A caching plugin creates a static HTML copy of your pages and serves that to your users, instead of querying the database and rebuilding your pages on every single visit.
Every WordPress site should have a caching plugin, but it’s particularly important for high-traffic sites.
My caching plugin of choice is WP Rocket, which is actually an all-in-one solution for performance optimization.
WP Rocket handles caching, GZIP compression, database optimization, lazy loading, JS/CSS minification, Google font optimization, and more—which is pretty crazy because I previously had to use 5+ separate plugins for this stuff.
It’s also dead-simple to set up, which is a huge plus.
Note: Both SiteGround and Kinsta offer their own built-in caching solutions, so you don’t have to worry about installing or configuring extra plugins. But if you really want to go the extra mile, WP Rocket is compatible with SiteGround and Kinsta and will work in conjunction with their solutions to give your site an extra boost.
Optimize Your Images
Images are an important part of any website, but they can also destroy your site’s performance if they’re not properly optimized.
Every time someone visits a page on your site, their browser has to download all of the images on that page from your server. If your image files are massive, your pages will take longer to load, and every visitor will cost you substantially more server resources.
Multiply that by tens of thousands of visitors per day, and you’ve got a problem.
Luckily, it’s easy to optimize your images and reduce file sizes without sacrificing quality. I use a plugin called Imagify, which automatically optimizes my images by resizing and compressing them on-the-fly as I upload.
Imagify offers three levels of compression:
Here on GigaPress, we use the Aggressive setting, and I literally can’t perceive a difference in image quality. Even so, it has reduced the size of our images by 75 percent—an unbelievable difference.
If you know what you’re doing, you can certainly optimize your images manually, but I’d rather save my time and let it happen automatically.

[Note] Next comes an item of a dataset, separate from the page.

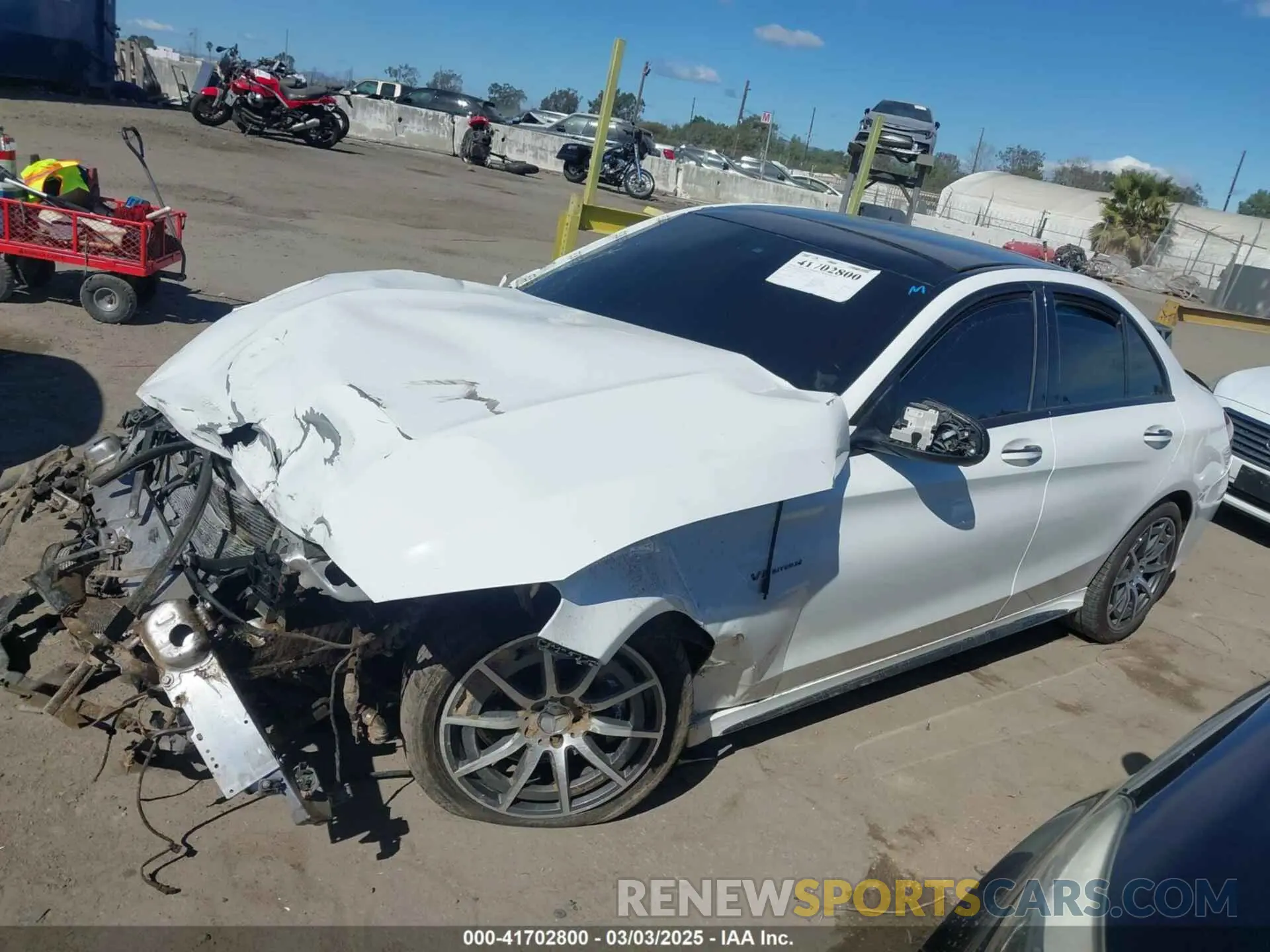 14 Photograph of a damaged car 55SWF8GB5LU332454 MERCEDES-BENZ AMG C 63 2020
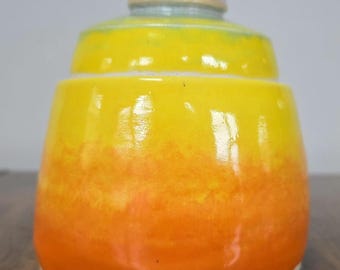Tequila Sunrise - Olla torneada a rueda con esmalte ombré brillante, naranja, amarillo y celadón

Use A Content Delivery Network
Another great way to optimize your WordPress site for heavy traffic is by using a content delivery network, also known as a CDN.
A CDN stores static copies of your site’s files on many different servers around the globe. Then, when someone visits your site, they are served those static files from whatever server is geographically nearest them.
This can reduce the burden of heavy traffic on your server by offloading most of the work to your CDN.
The basic version of Cloudflare is completely free and offers a full suite of features to improve not only your site’s performance, but also its security. High-traffic sites run a particularly high risk of DDoS attacks, which Cloudflare can help to mitigate.
WordPress can absolutely handle heavy traffic, and in fact, many of the popular sites you frequent are likely powered by WordPress.
If you choose the right hosting solution and implement the steps outlined above, you should have no problem scaling your site to any level of traffic.